(Beginning of Exercise data)

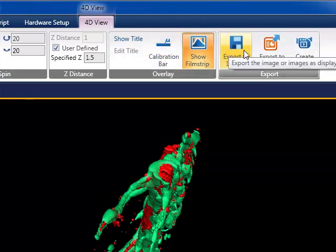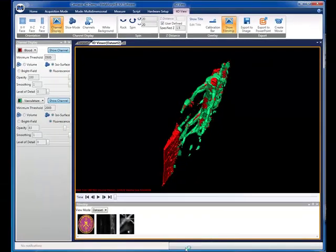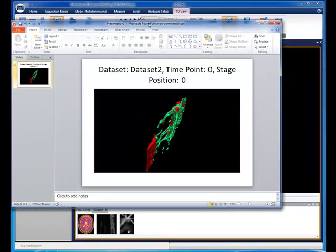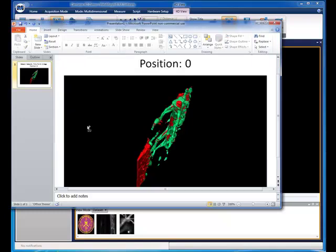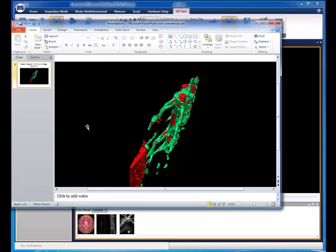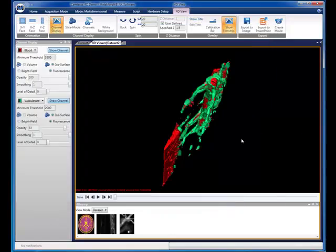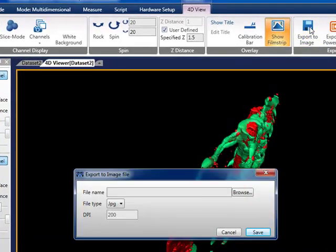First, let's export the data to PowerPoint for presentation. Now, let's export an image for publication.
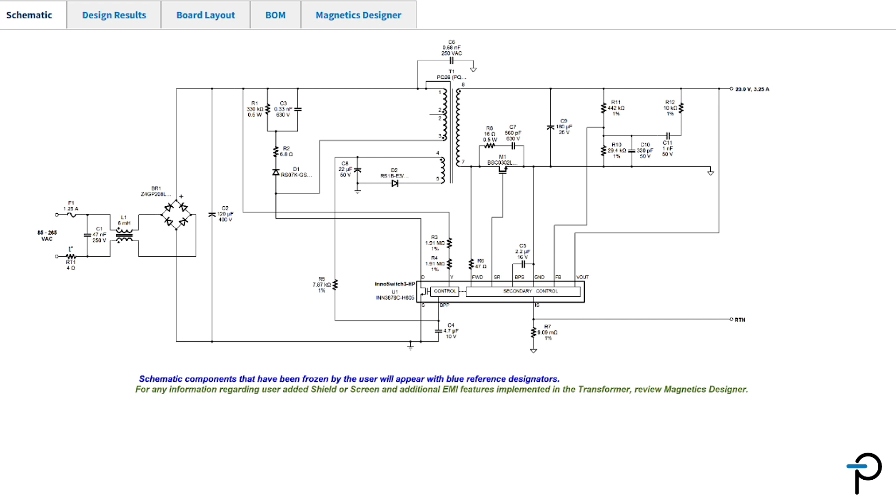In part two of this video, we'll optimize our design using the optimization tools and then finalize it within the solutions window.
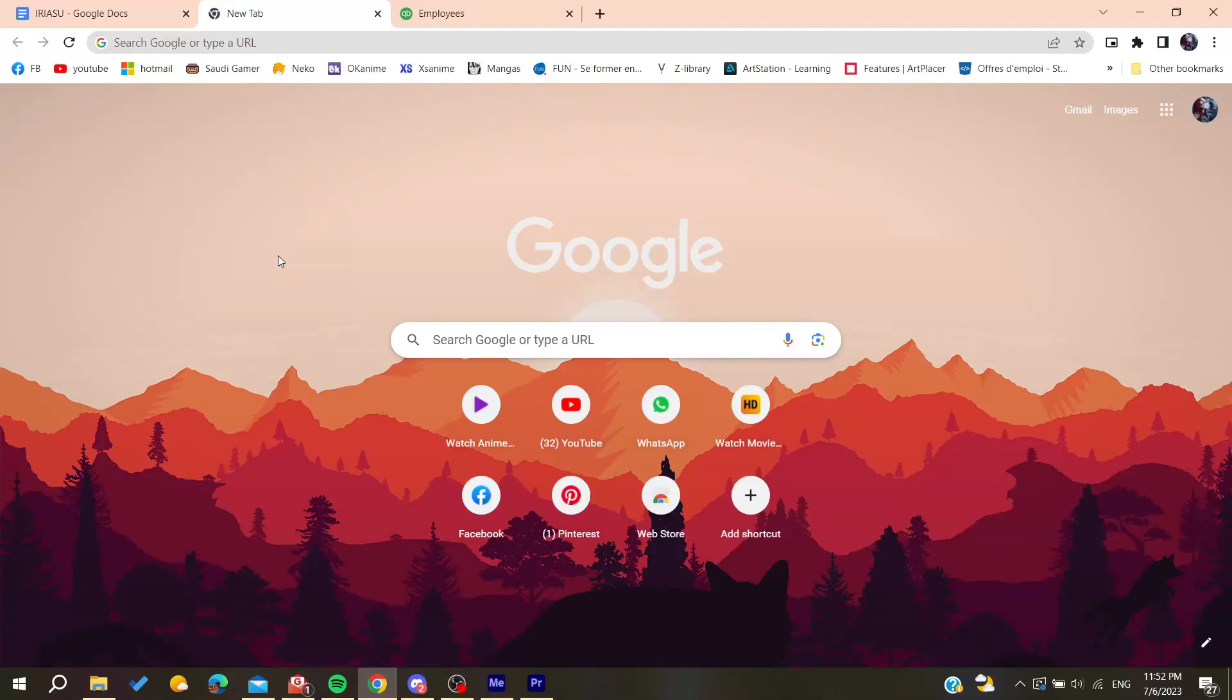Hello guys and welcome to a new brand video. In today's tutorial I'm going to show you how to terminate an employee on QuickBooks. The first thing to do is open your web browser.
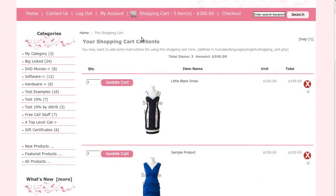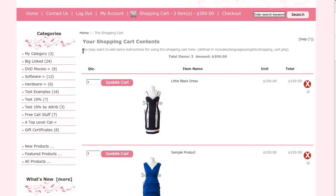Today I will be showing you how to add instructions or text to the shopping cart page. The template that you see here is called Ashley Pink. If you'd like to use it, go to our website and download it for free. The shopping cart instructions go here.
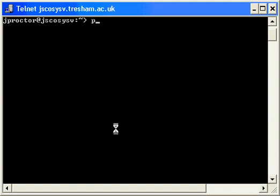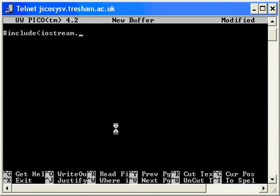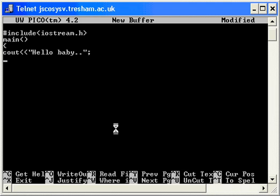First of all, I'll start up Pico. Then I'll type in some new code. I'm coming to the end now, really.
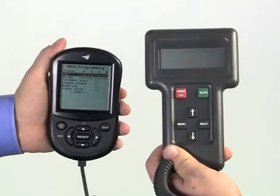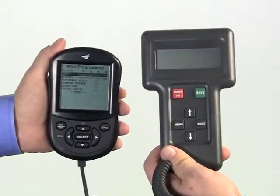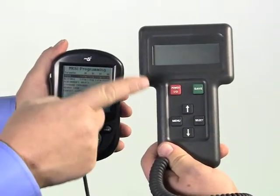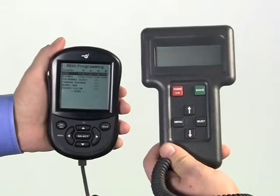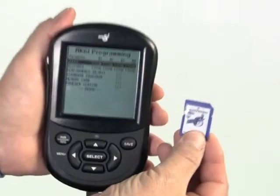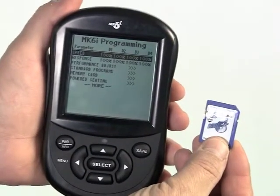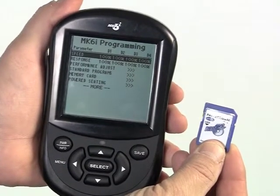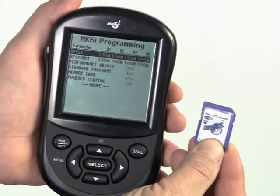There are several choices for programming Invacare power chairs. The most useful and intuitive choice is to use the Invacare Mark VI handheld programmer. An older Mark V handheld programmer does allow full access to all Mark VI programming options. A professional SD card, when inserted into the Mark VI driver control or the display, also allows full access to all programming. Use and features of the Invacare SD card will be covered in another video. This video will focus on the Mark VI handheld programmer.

(End of Exercise data)
(Beginning of Exercise data)

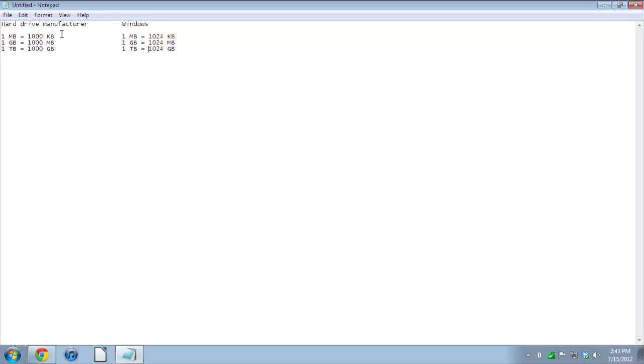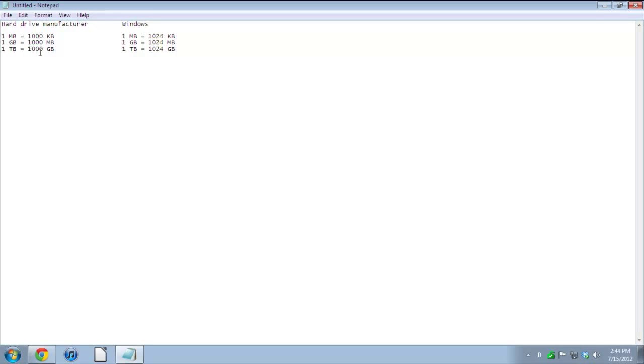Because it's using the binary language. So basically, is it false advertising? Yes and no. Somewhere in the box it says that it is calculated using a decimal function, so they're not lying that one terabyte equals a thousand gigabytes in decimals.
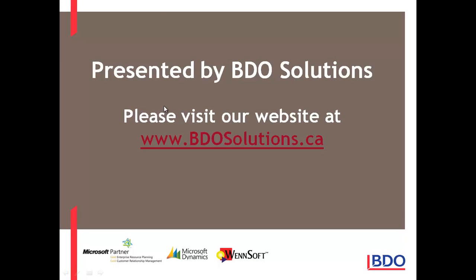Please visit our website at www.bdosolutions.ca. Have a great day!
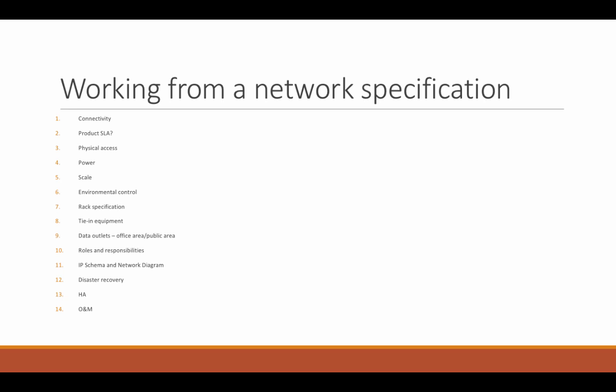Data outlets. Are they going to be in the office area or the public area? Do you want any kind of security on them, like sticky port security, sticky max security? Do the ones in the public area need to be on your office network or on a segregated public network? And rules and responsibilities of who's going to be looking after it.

(End of Exercise data)

How to complete this task =
Go to the line above that contains "First, let's export" and reproduce everything exactly from there through the line that contains "Hello guys and", leaving out the pictures.

Solution =
First, let's export the data to PowerPoint for presentation. Now, let's export an image for publication.
In part two of this video, we'll optimize our design using the optimization tools and then finalize it within the solutions window.
Hello guys and welcome to a new brand video. In today's tutorial I'm going to show you how to terminate an employee on QuickBooks. The first thing to do is open your web browser.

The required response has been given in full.